→ **Entries supplied**:
---------------
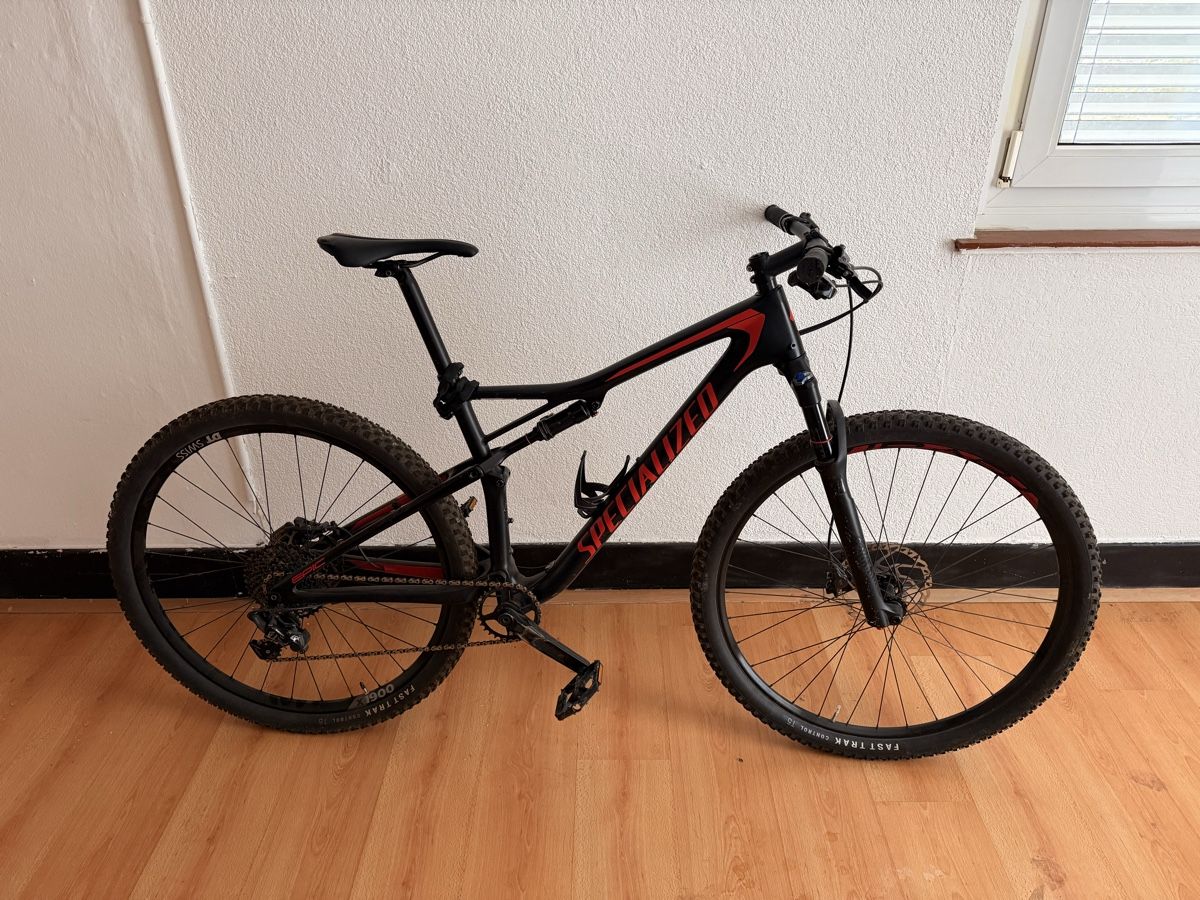 Specialized Biciclette: Specialized Epic Full Carbon – Usato da Gerlafingen venduto da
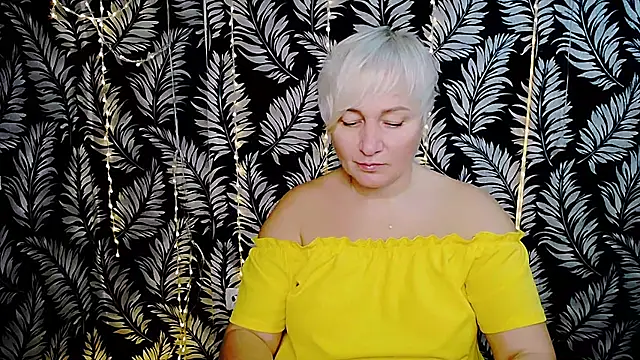 Snapshot of Olivia_playful chatting on November 18, 10:09 am Olivia playful online show from November 18, 10:09 am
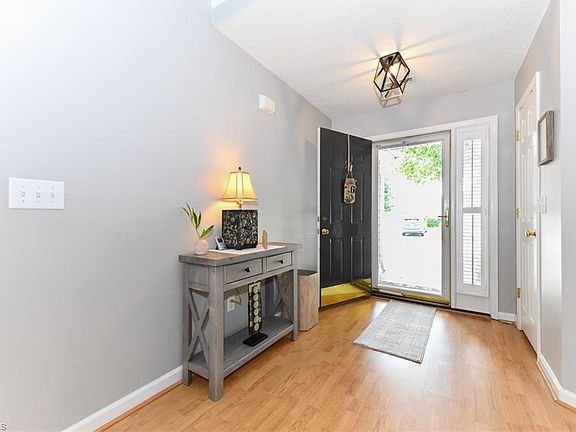4th image of 94 Mansfield Cir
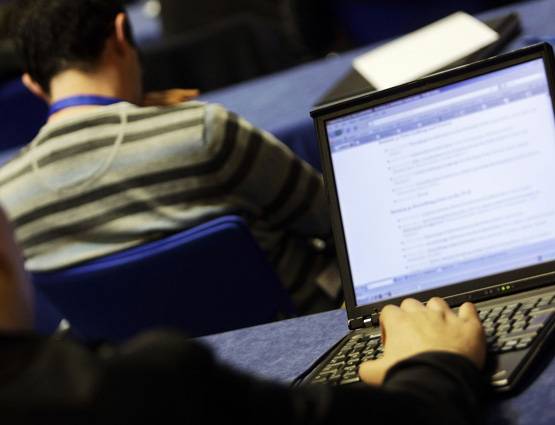 Facebook के साथ घर बैठे करें कमाई, ये है पूरी प्रोसेस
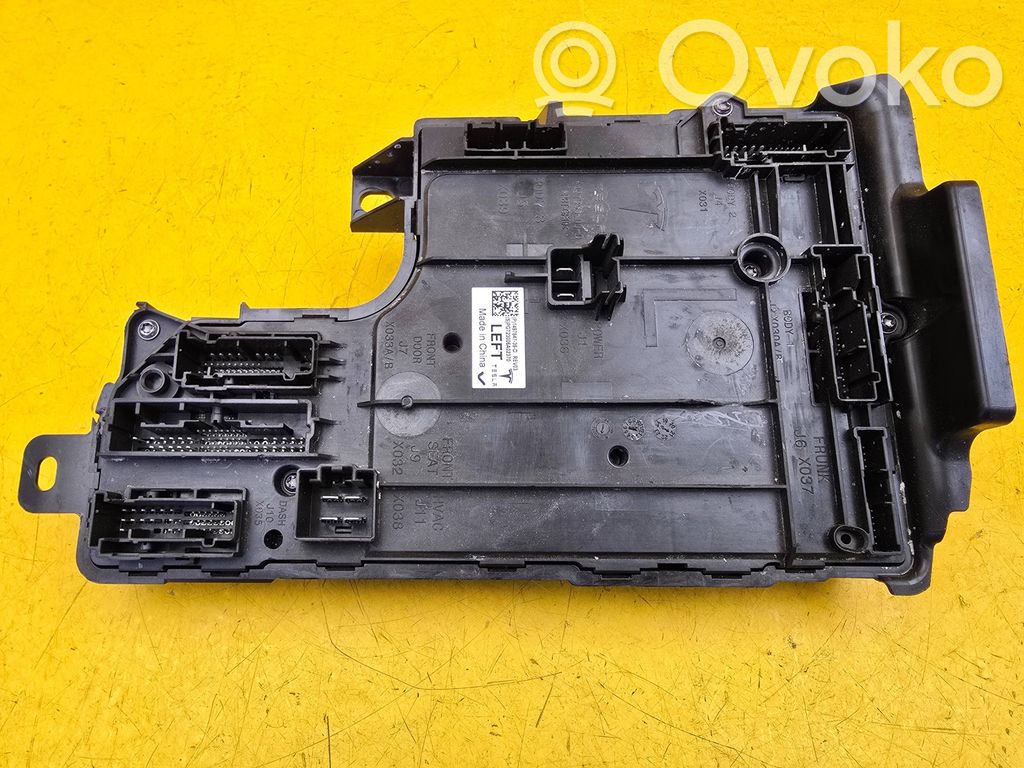 Tesla Model Y Comfort/convenience module 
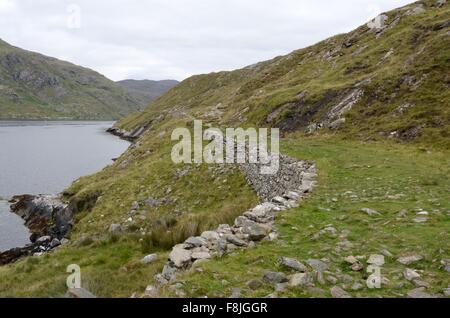 Port de Killary loop à pied à côté d'un fjord irlandais Irlande Galway County Banque D'Images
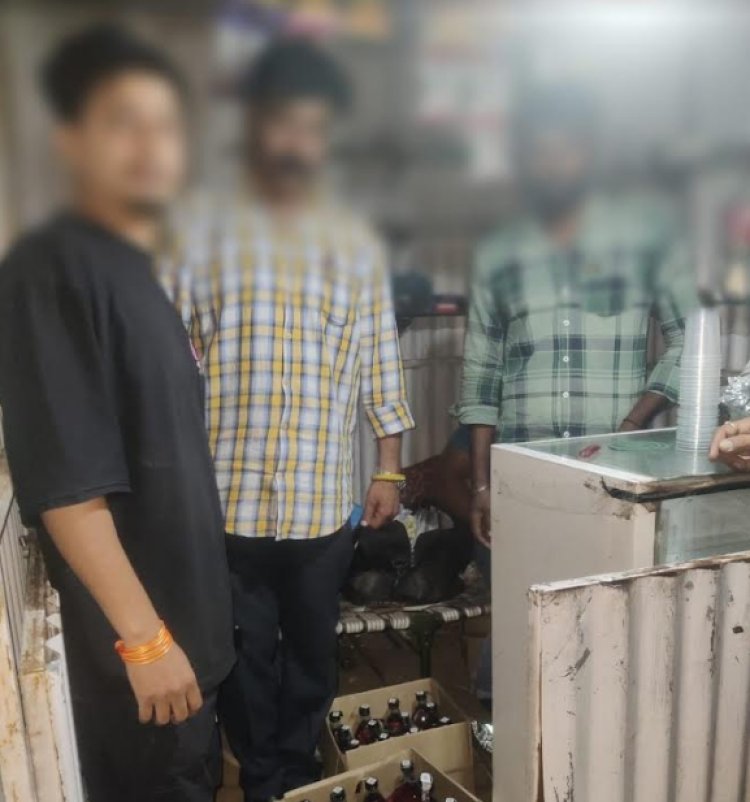 खोखे से अवैध शराब पकड़ी, मामला दर्ज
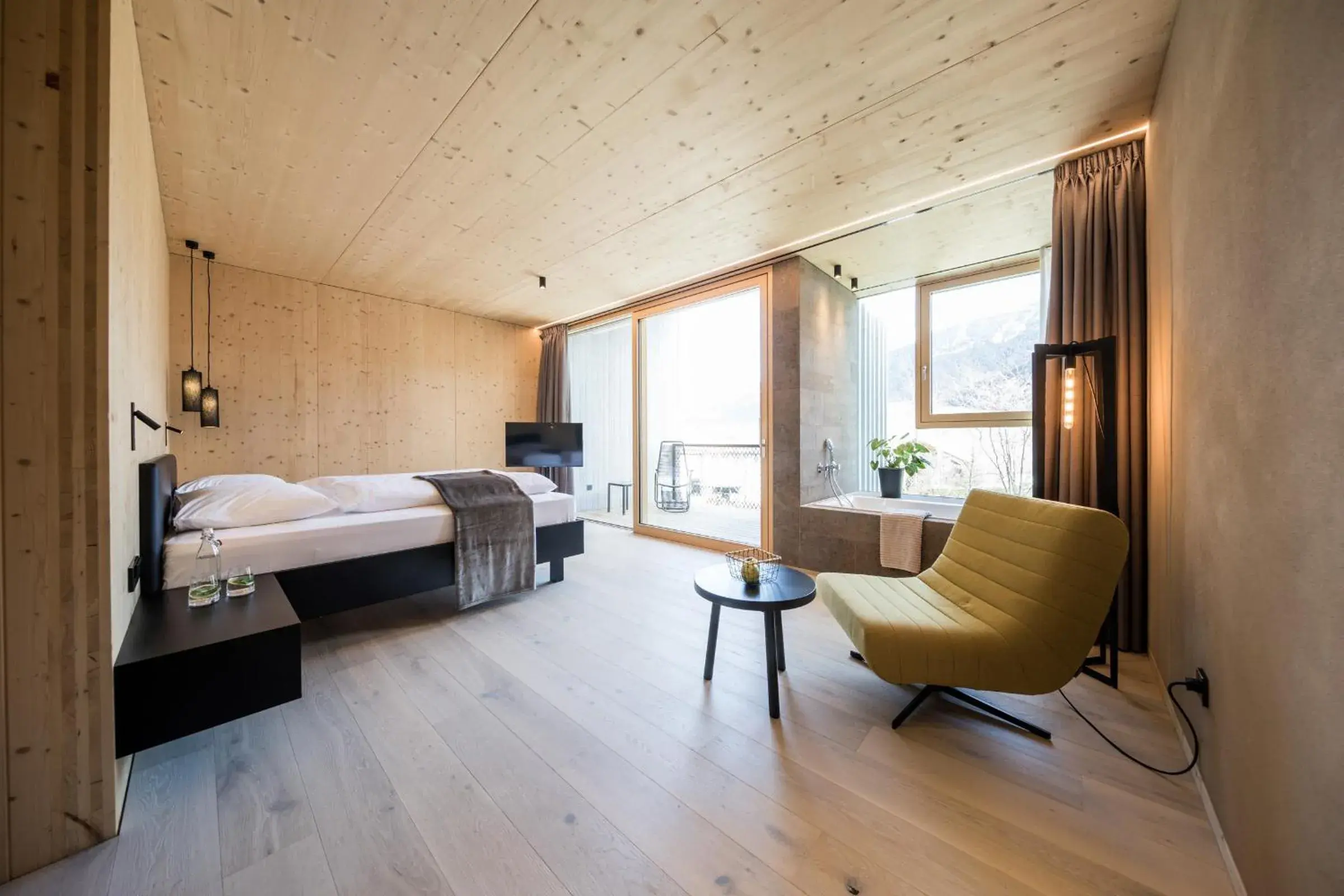 Suite with Pool View - single occupancy in Hotel Sand Suite with Pool View - single occupancy in Hotel Sand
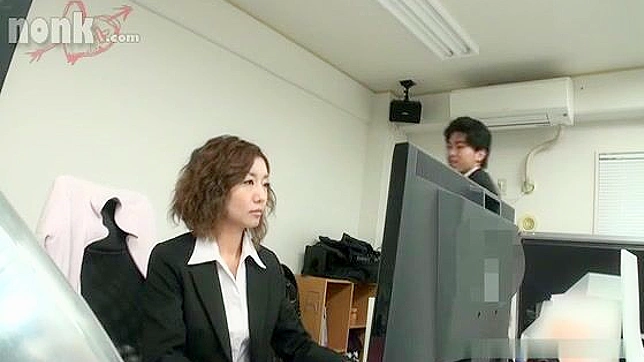 UNCENSORED 日本人秘書、複数のパートナーとオフィスでワイルドなアフターアワー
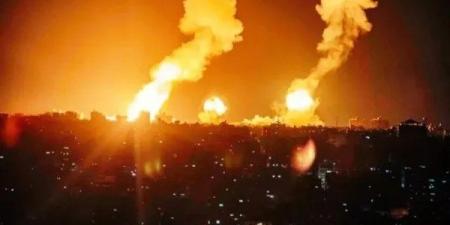غارات أمريكية تستهدف مواقع حوثية في محيط مدينة صعدة شمالي اليمن ـ موقع الآن نيوز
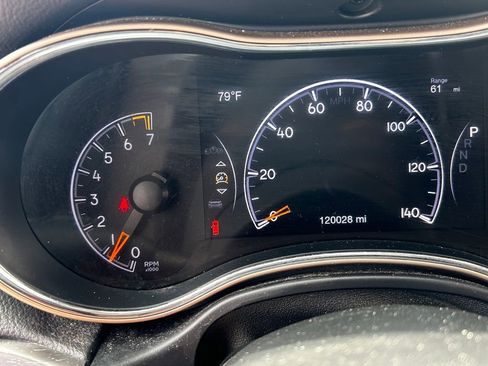 Used 2017 Jeep Grand Cherokee Limited image 24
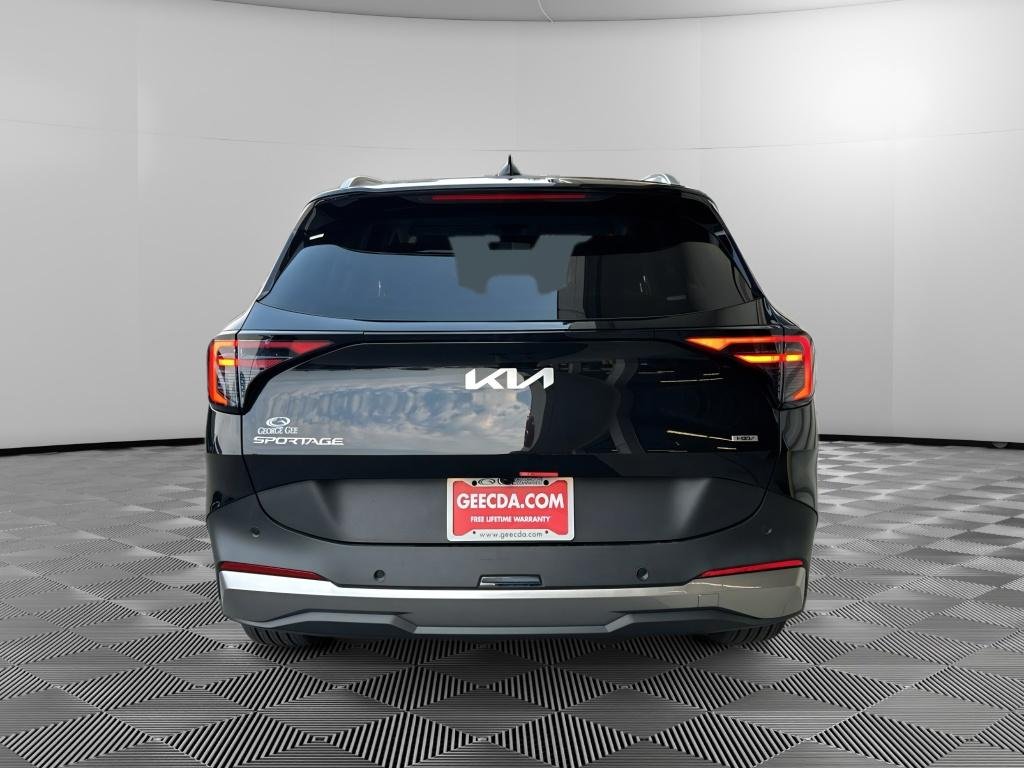 New 2027 Fusion Black Kia EX image 5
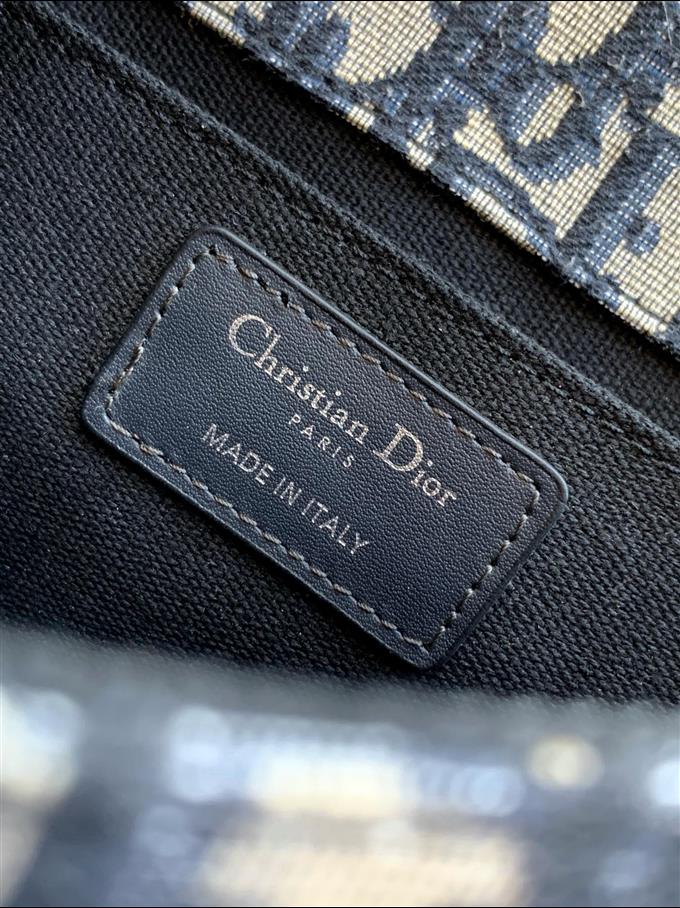 2025228Y600P204616712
---------------
→ **What you need to do**:
Output should consist of the lines above from the one with "खोखे से अवैध शराब पकड़ी, मामला दर्ज" down to the one with "غارات أمريكية تستهدف", exact and without pictures.

→ **Finished task**:
 खोखे से अवैध शराब पकड़ी, मामला दर्ज
 Suite with Pool View - single occupancy in Hotel Sand Suite with Pool View - single occupancy in Hotel Sand
 UNCENSORED 日本人秘書、複数のパートナーとオフィスでワイルドなアフターアワー
غارات أمريكية تستهدف مواقع حوثية في محيط مدينة صعدة شمالي اليمن ـ موقع الآن نيوز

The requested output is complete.